▶ [Exercise aim]: Below, find the line containing "Importante participación de" and the line containing "2014 New Design"; reproduce exactly those two and every line between them, omitting pictures.
═════ Input
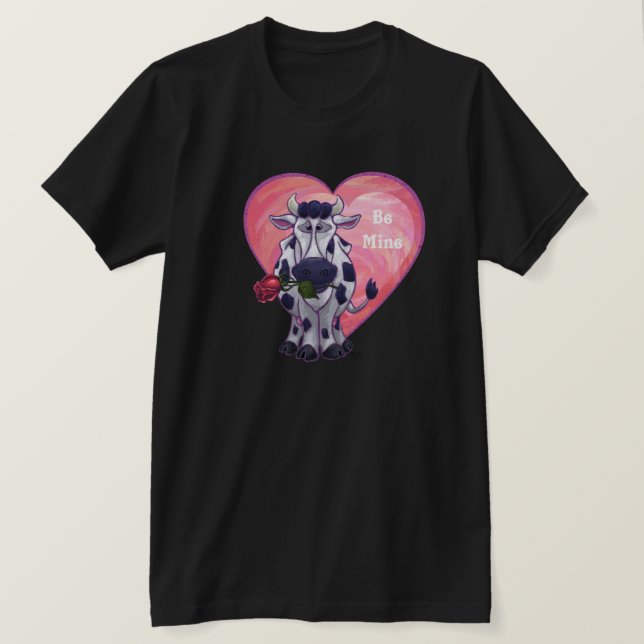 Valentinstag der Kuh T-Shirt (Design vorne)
══════════
═════ Input
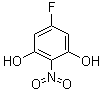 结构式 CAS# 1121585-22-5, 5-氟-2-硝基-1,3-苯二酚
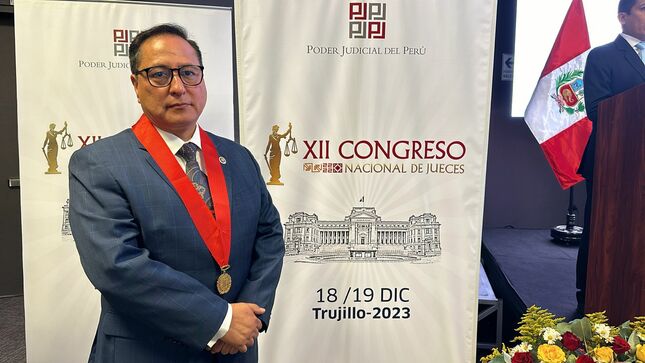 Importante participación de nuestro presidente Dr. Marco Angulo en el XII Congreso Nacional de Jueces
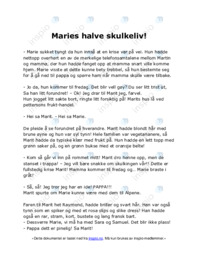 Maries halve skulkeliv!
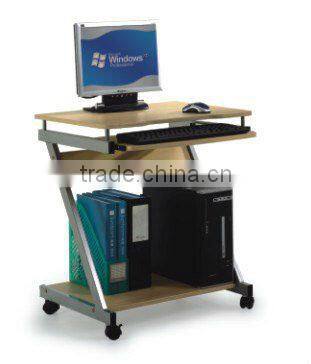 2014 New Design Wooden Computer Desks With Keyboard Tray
══════════
═════ Input
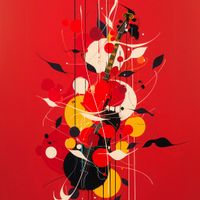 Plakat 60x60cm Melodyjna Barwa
══════════
▶ [Exercise output]:
 Importante participación de nuestro presidente Dr. Marco Angulo en el XII Congreso Nacional de Jueces
 Maries halve skulkeliv!
 2014 New Design Wooden Computer Desks With Keyboard Tray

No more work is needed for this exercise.